The Brentwood Ways and Means Committee approved the city's proposed $14.6 million budget for 2011 at its meeting on Monday morning.
The committee could only examine budget summaries and ask general questions on money allocations. The detailed line item budget won't be available until the end of the week, City Administrator Chris Seemayer said. The budget will be sent to the Brentwood Board of Aldermen to approve at its Dec. 6 meeting, Seemayer said.
The city expects overall revenue to decrease by 3 percent, or $330,000. The decrease is fueled by a projected $275,000 drop in tax-increment financing reimbursements because the Brentwood Promenade TIF was paid off in April. The revenue might be higher than expected, Seemayer said, because the city used a very conservative number when projecting sales tax revenue.

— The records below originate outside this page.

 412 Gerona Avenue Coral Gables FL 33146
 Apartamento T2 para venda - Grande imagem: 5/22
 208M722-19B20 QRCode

In September, the Board of Aldermen approved a hike in property tax rates: from 76.4 cents to 84.8 cents per $100 in property value for businesses, and from 60.2 cents to 61.2 per $100 in property value for homeowners. The budget shows an expected $2,000 increase in revenue from property taxes for next year.

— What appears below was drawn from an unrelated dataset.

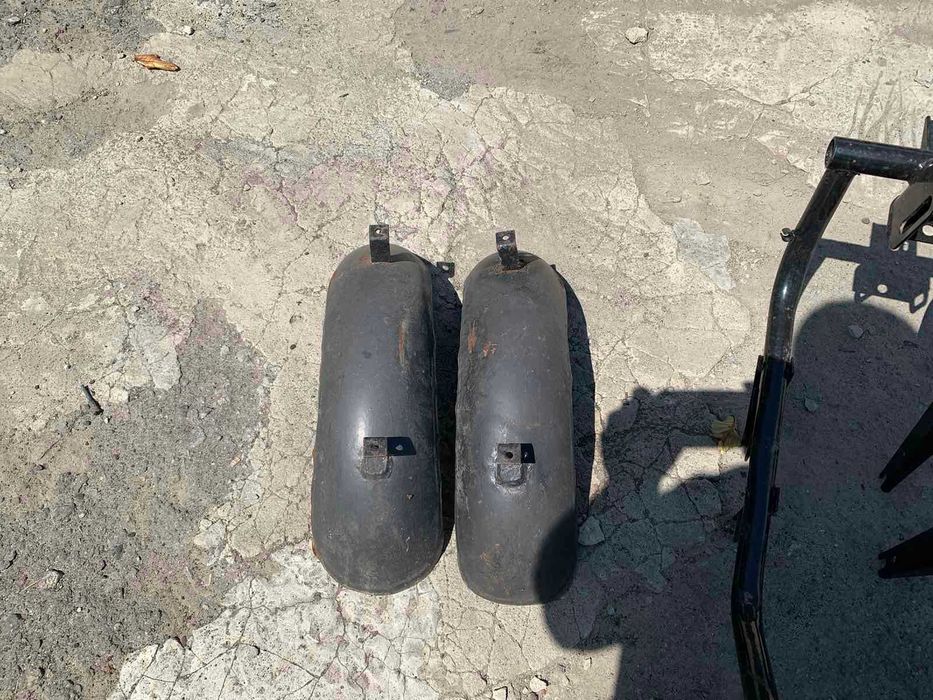 запчасти Муравей, Тула, Тулица.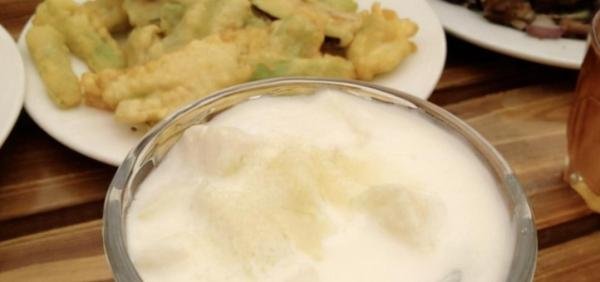 青海玉树当地9道特色美食,感受藏族美食,你都尝过没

In its general operating fund, the city plans to trim costs by cutting five employees and decreasing the hours of another position. Other employees will be eligible for a 3 percent wage increase if they meet performance guidelines. Second Ward Alderman Mike Marshall asked about employees with disciplinary actions on their records.
"Everybody is qualified to be evaluated, but based upon your evaluation, that determines if you get that raise or not," Seemayer said.
Some employees have reached the wage cap for their positions, however, so they won't be eligible for the raises.
In capital improvement projects, the city plans to spend $345,000 on the police and fire departments. The fire department hopes to buy a new ambulance and EKG monitor, while the police department seeks two cars, two Tasers, a portable radar trailer, a surveillance camera and eight rifle night sights.
Marshall asked if the night sights were necessary expenses when the police officers don't generally use rifles, but First Ward Alderwoman Barbara Clements said the city shouldn't cut corners on police equipment.
The city also plans to spend $286,000 in public works projects, including a snow plow, a new dump truck bed, and street and sidewalk replacements.
About 4 percent of the city's expenses—totaling $643,000—will be used to pay back previous bond issues. The city will submit payments toward three projects: the street project bonds from 1992, the city hall improvement bonds from 2003 and the police and fire stations bonds from 2009.
In other Ways and Means Committee news:
- Voters approved the propositions to extend mayoral and aldermanic terms from two to four years, but the Board of Aldermen has to pass an ordinance to finalize the changes. Seemayer told the committee to expect an agenda item for next Monday's meeting.
- Ron Hill, the Brentwood Municipal Court judge, asked the committee to consider changing judge terms from two to four years to match the mayoral and aldermanic terms. "If you keep me at every two years, you don't eliminate an election. You have an off-year election for just a judge," he said. The city's code requires an ordinance change from Board of Aldermen in order to extend the judge's term, not the approval of Brentwood voters, Seemayer said. The committee agreed to bring it before the board.